Self driving cars are still decades away

It’s paywalled.

Really weird, it’s not for me. Sorry about that.

archive.is is your friend.

Not paywalled for me.

But it does say you’ve gotta disable your adblocker. Unless you click the little link at the bottom of the popup that says “continue reading anyhow”

On my phone there was a page with subscription options, nothing about ad blocking or continuing to the story.

On trying again on my PC/tablet to access the same link as I read last time I now get the subscription options page which is probably the same one you get.

Which suggests to me that maybe you had visited the Austin Statesman on your phone in the past and used up your “free bite”, whereas I had not. I clear all my cookies a lot, which defeats an ever-decreasing fraction of these kinds of “one or two free bites” metering schemes.

The article really was mostly fluff. They’ve been driving a growing fleet of autonomous trucks with safety drivers for 4 years. On two point-to-point routes between freight docks separated by a couple hundred miles of interstate. They’re about to try their first run with no driver. The rest is blah blah.

I figured that was the actual story, and pretty much lost interest when I hit the paywall. Thanks for the summary.

A friend of mine just spent the weekend in San Francisco. They had a self driving cab. He sent a video. It stopped at lights and stopped for people crossing the street. I’ll post the vid if someone points out how.

That was a Waymo. They have had them in SF for a couple of years. They are in parts of LA now too and I’m sure other cities. They have to stay in a relative small area and don’t go on highways.

Apparently they get stuck on occasion and apparently it notifies a room full of people in India for on of them to get it free.

Tesla is working on a competing product supposedly to be released in mid 2026.

Heh, I can’t really tell if this is going to slow down the arrival of self-driving cars or just get us less capable self-driving cars quicker.

Still, it’s amazing and does dispute the OP.

A Waymo did just get stuck in a Chick-fil-A drivethrough. Not a big deal, but amusing.

Waymo gets stuck in California Chick-fil-A drive-thru | KTLA

Only in the tiny area they operate, which is quite limited.

Agree that it’s amazing but not that it disputes the OP. Right now they only work in a smallish city area.
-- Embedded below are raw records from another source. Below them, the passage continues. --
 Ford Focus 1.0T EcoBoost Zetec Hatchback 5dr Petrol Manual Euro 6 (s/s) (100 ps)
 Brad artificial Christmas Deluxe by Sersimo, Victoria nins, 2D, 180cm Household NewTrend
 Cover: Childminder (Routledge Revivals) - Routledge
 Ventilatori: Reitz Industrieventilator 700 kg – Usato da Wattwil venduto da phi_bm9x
Totally autonomous would be able to go from a curbside stop in San Francisco to an address in Los Angeles.

Waymos are very close to perfect in their small area. Telas do reasonably on any city street and highway but not nearly well enough to not have an aware driver paying attention.

Mid 2025. I.e., just a couple of months from now.
https://www.caranddriver.com/news/a63632919/tesla-robotaxi-paid-service-start-austin-texas/

Elon time and all that. And it will undoubtedly be highly geofenced and be Austin-only to start with. Which would still make it mostly comparable with Waymo.
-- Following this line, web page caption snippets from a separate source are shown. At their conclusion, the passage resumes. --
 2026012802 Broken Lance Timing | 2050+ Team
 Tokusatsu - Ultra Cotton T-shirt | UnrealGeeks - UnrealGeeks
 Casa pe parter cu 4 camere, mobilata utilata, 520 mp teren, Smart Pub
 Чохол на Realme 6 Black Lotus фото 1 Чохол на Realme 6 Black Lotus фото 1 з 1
There’s supposedly been a private, employees-only version going for a little while now.

The Cybercabs won’t be until 2026. But they can start the service with Model 3/Y cars. I wonder if they’ll disable the controls.

Phoenix-metro for one.

They’ve been here (in LA) for a while now, too. It’s not just a super recent thing. I see them all the time. But I live nearish to LAX, so it’s a logical place to see them.
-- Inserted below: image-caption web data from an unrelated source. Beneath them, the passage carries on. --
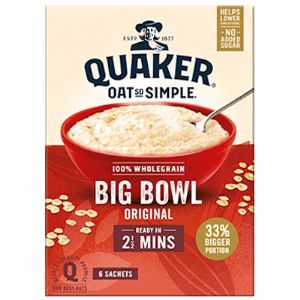 Quaker Oat So Simple / Пълнозърнести овесени трици 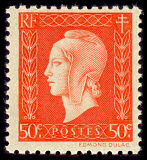 Image du timbre 50 c orange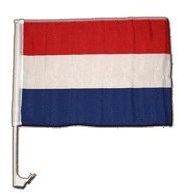 Flaggenfritze Autofahne Autoflagge Niederlande - 30 x 40 cm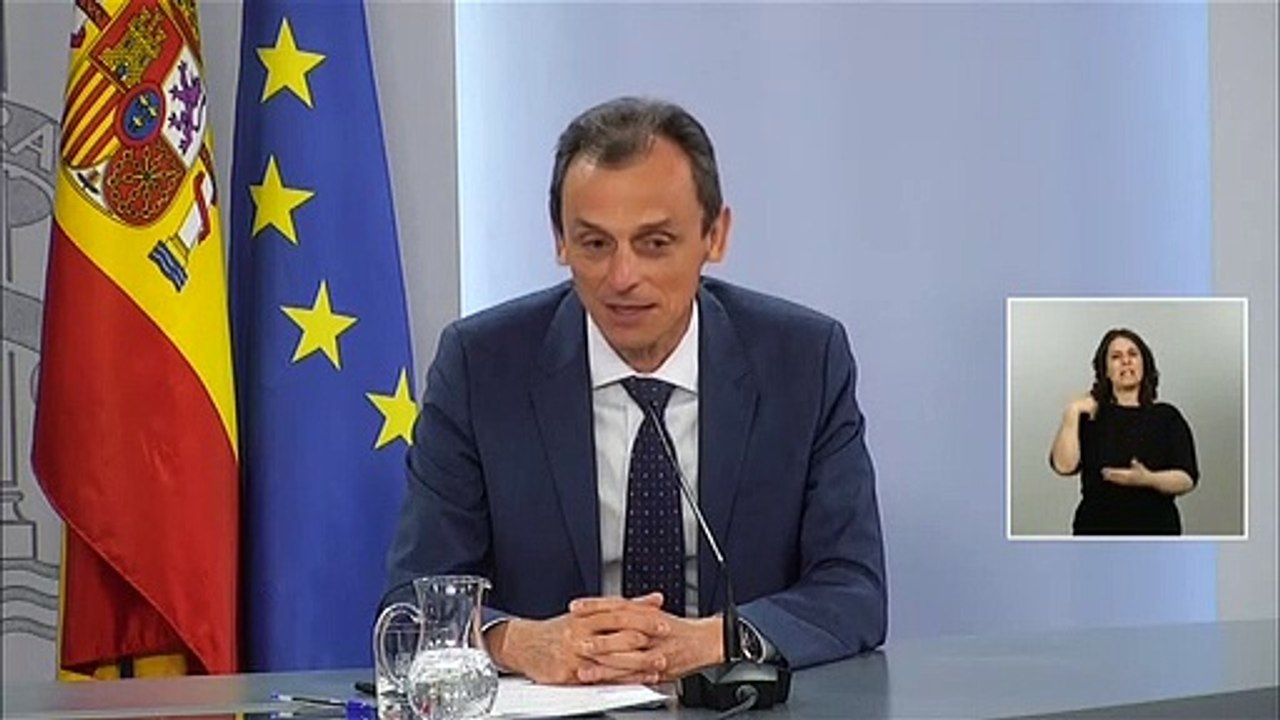 Pedro Duque: "España tendrá capacidad de fabricar vacunas para humanos en unos meses"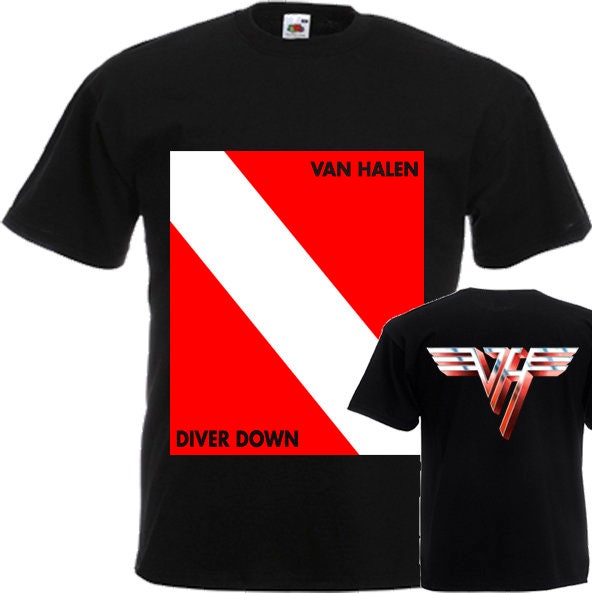 Discover David Lee Roth Diver Down T-Shirt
A tech investor has written a kids book about autonomous vehicles triumphing over evil human-driven cars.

I would buy a t-shirt with the laser-shooting, fire-farting monster truck “Destructo”.

This children’s book is all about autonomous vehicles triumphing over evil human drivers

I tried them in SF and LA a couple of weeks ago when I was in California. I was impressed: I was wondering if they’d be timid and conservative but they drove at a completely reasonable level of competence and aggression: about what I’d expect from a good, confident and conscientious driver. They drove at reasonable “matching traffic” speed, handled weird situations well (e.g. “coordinating” with opposing drivers about getting round someone who double parked, etc.).

It made me doubt my priors: I was previously quite sympathetic to the idea that full self driving was a long way aways, but the proficiency of city driving I saw was quite good. It’s unclear to me what the distance is between this and more suburban or rural driving would be. Like there was a lot going on, especially around the Hollywood area, and the car’s behavior was ideal and very natural.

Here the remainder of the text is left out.